Valeria, Claudia y Mary

“Mi vieja defiende el aborto legal desde que yo tengo memoria –cuenta Valeria– cuando empezó el debate fui a su casa y le llevé el pañuelo. Se le llenaron los ojos de lágrimas”. De chiquita Valeria le preguntó a su mamá cómo había muerto su abuela. La historia tardó un poco más en llegar. Valeria ahora sabe que su abuela Mary murió a los 24 años en un aborto clandestino. Era operaria en una fábrica, estaba casada con su abuelo y tenía a su tía de un año y medio y a su mamá Claudia de nueve meses cuando decidió interrumpir un embarazo. El médico de la familia accedió a practicarle el procedimiento en su consultorio bajo terminante confidencialidad. “Le perforó el útero en el raspado y no la llevó al hospital hasta el último minuto. Era más importante salvar su prestigio que la vida de mi abuela. Cuando llegaron les dijeron que ya no había nada para hacer y la mandaron a morir a la casa”. El padre de Claudia se volvió a casar, tuvo otro hijo y no volvió a hablar de la mamá de sus hijas.
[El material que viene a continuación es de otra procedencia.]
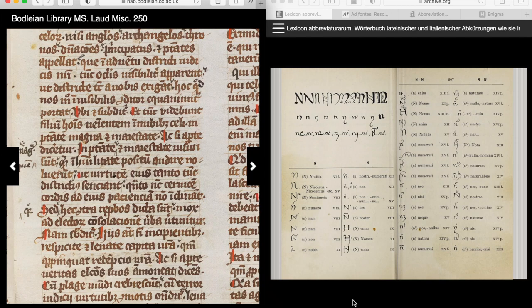Medieval manuscripts have a reputation for being incredibly difficult to read. They're written in dead languages, they are written in unfamiliar scripts, and on top of all that, they use abbreviations that simply don't appear in modern versions of the Latin script. So today I'm going to show you how to decipher a passage from Bodleian Library manuscript LOD MISC 250 using a few really excellent online resources that are available to you.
En el silencio absoluto se convirtió en una criminal. “Mi mama no sabe nada de la historia de mi abuela, nadie le contó cómo era. No tiene ni una anécdota. No sabemos si era divertida, alegre, qué le gustaba. Lo único que tenemos es una foto que mi mamá convirtió en cuadro y colgó en el comedor de casa. Una foto hermosa, retocada como se estilaba en la década del 40, parece una actriz de cine”, cuenta Valeria y agrega: “Hace unos años una tía le regaló a mi mamá una foto de mi abuela. Al reverso había una fecha, mi mamá pensó que era del día en que sacaron la foto. Yo me fijé y le dije: ´No, ma, mirá el año, es la fecha de nacimiento´, así supimos que era de géminis igual que yo. De ese modo vamos reconstruyendo la historia, cada pequeño dato es una victoria”. Valeria cree que ésta ley llega tarde a la vida y a la historia de las mujeres de su familia, pero espera que su hija crezca en un mundo donde la maternidad sea una opción y no una obligación. Y eso cambia todo.